## WHAT THE EXERCISE ASKS
Your task is to repeat exactly the lines below between the line holding "Sumter Viscose And" and the line holding "2024 Cadillac XT6 - Image 18 of 31", inclusive, and only those.

## INFORMATION GIVEN
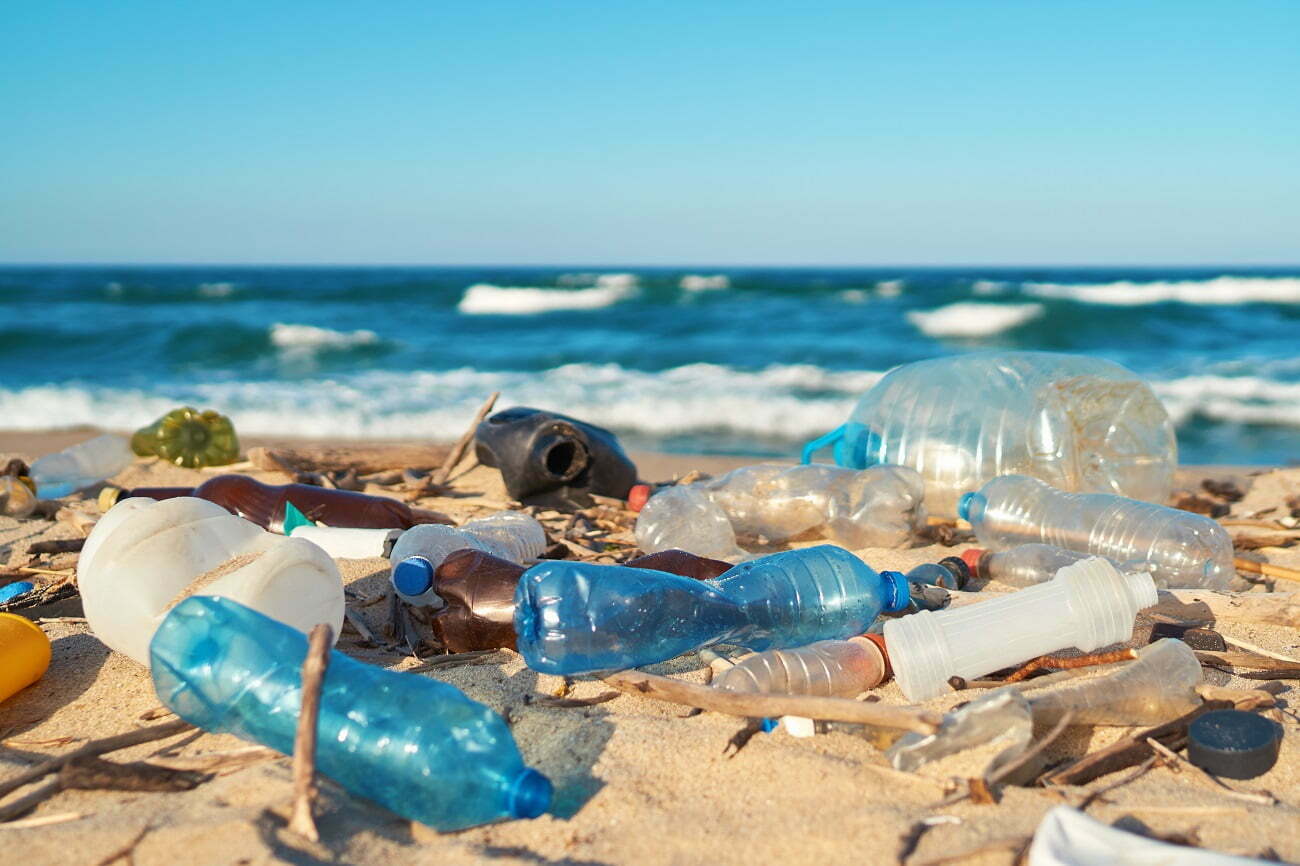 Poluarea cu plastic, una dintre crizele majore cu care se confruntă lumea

==

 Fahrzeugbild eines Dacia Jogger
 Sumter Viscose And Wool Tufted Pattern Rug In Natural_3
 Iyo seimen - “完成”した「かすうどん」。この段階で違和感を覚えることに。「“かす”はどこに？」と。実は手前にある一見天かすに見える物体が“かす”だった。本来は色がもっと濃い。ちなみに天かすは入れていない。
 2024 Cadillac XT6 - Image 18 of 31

## YOUR SOLUTION
 Sumter Viscose And Wool Tufted Pattern Rug In Natural_3
 Iyo seimen - “完成”した「かすうどん」。この段階で違和感を覚えることに。「“かす”はどこに？」と。実は手前にある一見天かすに見える物体が“かす”だった。本来は色がもっと濃い。ちなみに天かすは入れていない。
 2024 Cadillac XT6 - Image 18 of 31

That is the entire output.